И вспомнил старик, как советские медики одинаково лечили и раненых красноармейцев, и гитлеровцев. Потом первые отправлялись снова на фронт, а вторые оставались в плену. Наконец Степан решился помочь украинскому военному. Дома в аптечке взял то, что было.

– Пойдем, старая.
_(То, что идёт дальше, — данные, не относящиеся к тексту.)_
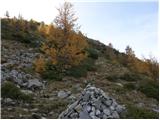 Koutschitz Alm/Kočiška planina - Poludnig/Poludnik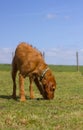 Wirehaired Hungarian Vizsla standing in a paddock sniffing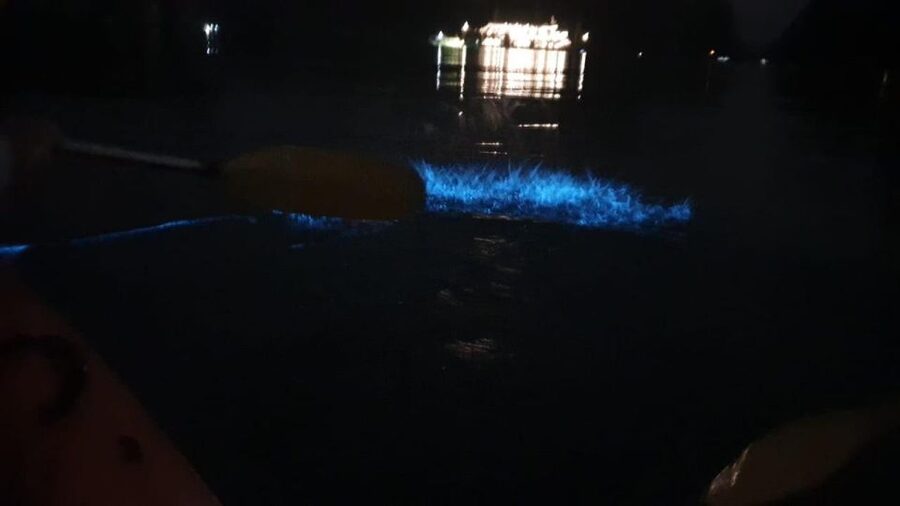 Lan Ha Bay: Sunset & Plankton Bioluminescent Night Kayaking - Paddling into Lan Ha Bay after dark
Сведешь ты меня… Надо посмотреть, можно ли его трогать и отнести в дом. Только сами мы не донесем. Нужно из соседей кого-то найти.

Они дошли до края своего огорода. Дед заметил лежащего солдата. Но стояла рядом с ним другая фигура. Немного подойдя ближе, поняли старики, что это был их внук Женька. Он тоже их увидел и замахал руками. У обоих внутри все оборвалось, а в горле пересохло. Рая и Степан, еле передвигая ноги, стали подходить к нему. И предчувствие тревоги, когда они заметили внука у раненого украинца, подтвердилось. Мимо бежал Женька, в руках у него была окровавленная тяпка, оставленная бабкой возле кустарника.

– Я укропа завалил, дед! – от парня несло алкоголем. – Я как ты в сорок пятом! Я укропа завалил!

– Нет, Женюшка, – со срывающимися слезами простонал дед. – Мы так не воевали.

Но внук не слушал, он бежал в деревню в поисках единомышленников, чтобы отметить эту легкую победу над умирающим противником. Добрый солнечный свет заливал поля. Урожая не предвиделось. Сажать было некому.

После этого деду Степа практически не вставал с кровати.